The authors use L=10 for the Cartesian coordinates and L=4 for the viewing direction, resulting in a 60-dimensional input for positions and a 24-dimensional vector for the viewing direction.

Now let's implement the MLP. The structure of the network is quite simple, it's essentially a well-designed MLP with skip connections. In the diagram below, black arrows indicate layers with ReLU activation, orange arrows represent layers with no activation, dashed arrows show sigmoid activation, and "+" indicates vector concatenation. The density value is output by one of the intermediate layers, while the RGB values are output by the final layer.

network

class NeRF(nn.Module):
    def __init__(self, pos_dim=63, dir_dim=27, hidden_dim=256):
        super().__init__()
       
        self.pos_layers = nn.ModuleList([
            nn.Linear(pos_dim, hidden_dim),
            nn.Linear(hidden_dim, hidden_dim),
            nn.Linear(hidden_dim, hidden_dim),
            nn.Linear(hidden_dim, hidden_dim),
            nn.Linear(hidden_dim + pos_dim, hidden_dim),
            nn.Linear(hidden_dim, hidden_dim),
            nn.Linear(hidden_dim, hidden_dim),
            nn.Linear(hidden_dim, hidden_dim)
        ])
       
        self.density_head = nn.Linear(hidden_dim, 1)
        self.feature_head = nn.Linear(hidden_dim, hidden_dim)
       
        self.dir_layer = nn.Linear(hidden_dim + dir_dim, hidden_dim // 2)
        self.color_head = nn.Linear(hidden_dim // 2, 3)
       
        self.relu = nn.ReLU()
        self.sigmoid = nn.Sigmoid()
   
    def forward(self, pos_enc, dir_enc):
        x = pos_enc
       
        for i, layer in enumerate(self.pos_layers):
            if i == 4:
                x = torch.cat([x, pos_enc], dim=-1)
            x = self.relu(layer(x))
       
        density = self.relu(self.density_head(x))
        features = self.feature_head(x)
       
        dir_input = torch.cat([features, dir_enc], dim=-1)
        dir_features = self.relu(self.dir_layer(dir_input))
        color = self.sigmoid(self.color_head(dir_features))
       
        return color, density

Now we need to create our inputs to the network. We require positions and viewing directions of the samples, then we can run them through our network. The complete pipeline involves several steps: generate rays from the image dataset pixels, sample points along the rays using stratified sampling, feed these points to the MLP to get per-sample (RGB, σ) results, and finally use the volume rendering function we discussed to create the final predicted pixel color. Fortunately, all these steps can be implemented using PyTorch operations, so we can leverage PyTorch's autodiff functionality to optimize the network end-to-end.

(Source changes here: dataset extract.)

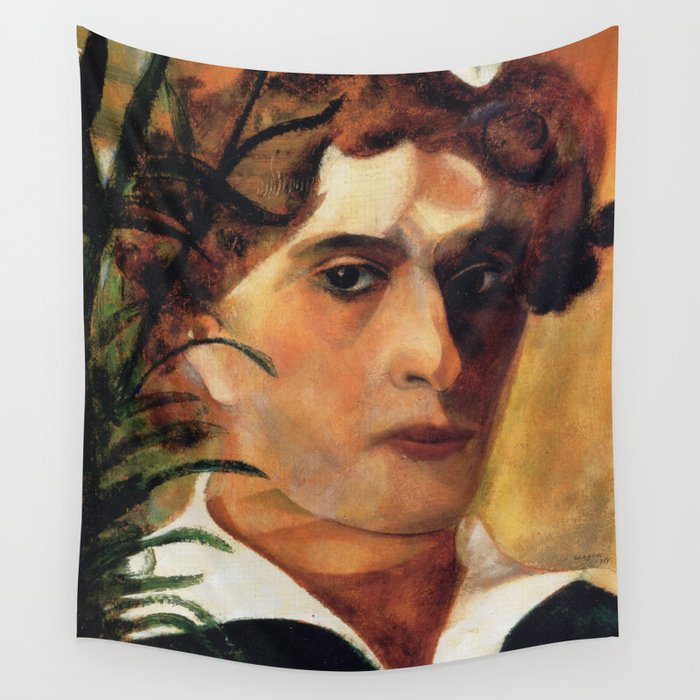 Marc Chagall Self Portrait with White Collar Wall Tapestry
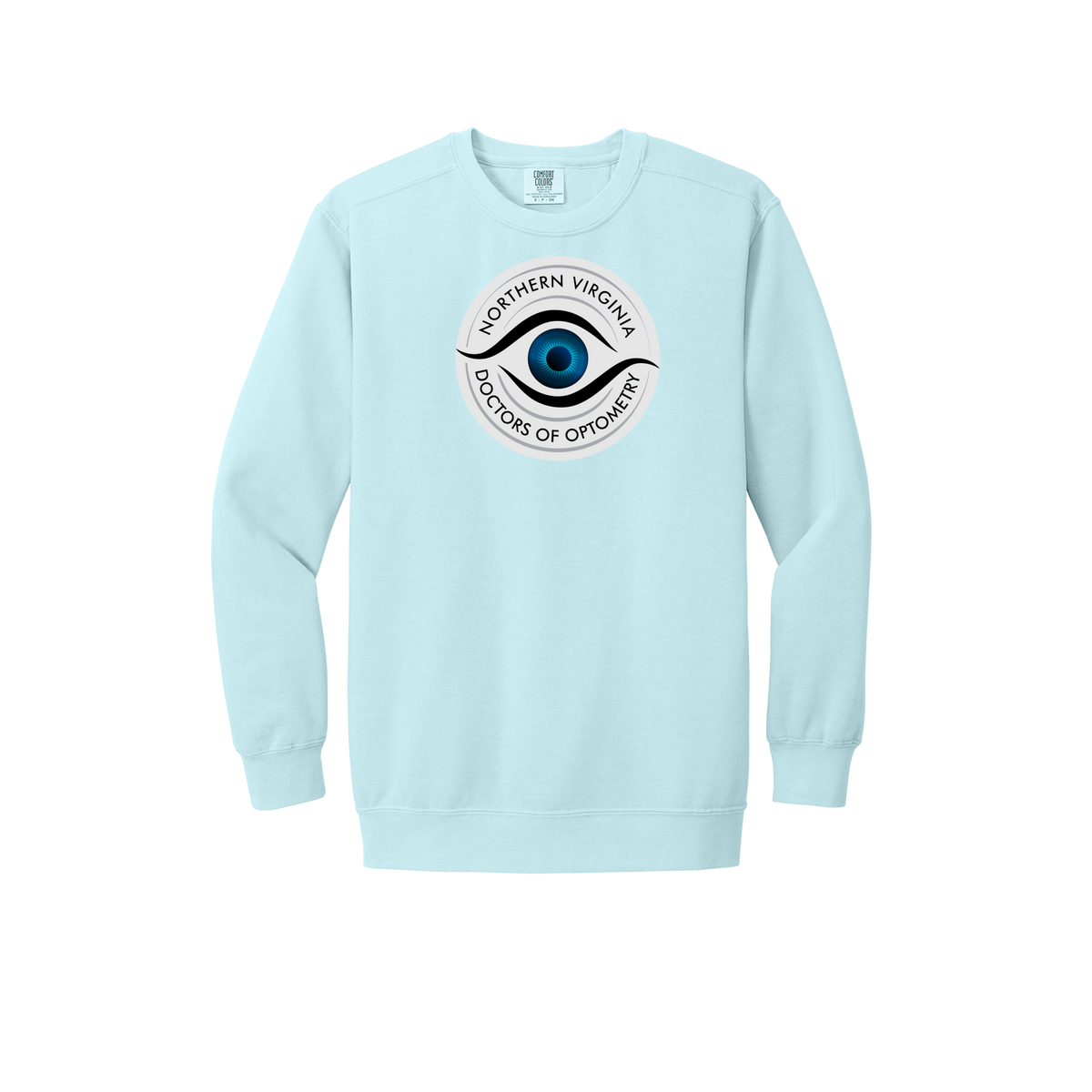 novaeyedocs-premium-clinic-comfort-crewneck-dtf-front-1566-chambray-flat-front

Let's continue with a function to generate rays. To simplify things, we'll assume this function works on one image at a time. In many codebases, pixels are the fundamental units in training batches; different pixels from different images can be batched together, which actually increases the robustness of the model. We'll implement the function assuming we're generating rays for all pixels of a single image. We also need the camera parameters for doing the calculations.

def get_rays(H, W, focal, c2w):
    """
    Input:
      H (int): Image height in pixels
      W (int): Image width in pixels  
      focal (float): Focal length of the camera (controls field of view)
      c2w (torch.Tensor): Camera-to-world transformation matrix (4x4)
    """
    # Create a grid of pixel coordinates
    i, j = torch.meshgrid(torch.arange(W), torch.arange(H), indexing='xy')
   
    # Convert pixel coordinates to camera space directions
    dirs = torch.stack([
        (i - W * 0.5) / focal,
        -(j - H * 0.5) / focal,
        -torch.ones_like(i)
    ], dim=-1)  # Shape: (H, W, 3)
   
    # Transform ray directions from camera space to world space
    # c2w[:3, :3] is the rotation part of the camera matrix
    rays_d = dirs @ c2w[:3, :3].T  # (H, W, 3)
    rays_d = F.normalize(rays_d, dim=-1)
   
    # All rays originate from the camera center in world space
    # c2w[:3, -1] is the translation part
    rays_o = c2w[:3, -1].expand(rays_d.shape)  # (H, W, 3)
   
    return rays_o, rays_d

Most of this code should be self-explanatory; the only potentially confusing part is the transformation from pixel coordinates to camera space directions. This is simply an inversion of the perspective projection. If we were going from world coordinates to the image using a camera, we would do:

X_pixel = (X_camera / Z_camera) * focal + cx
Y_pixel = (Y_camera / Z_camera) * focal + cy

We're simply undoing that process. You can think of (cx, cy) as the coordinates of the image center. The minus values we use are due to how we represent coordinates in image space versus camera space:

Image:           Camera Space:
(0,0) ---- X      Y  ↑
  |                  |
  |                  |
  Y                  └── X → (Z points into screen)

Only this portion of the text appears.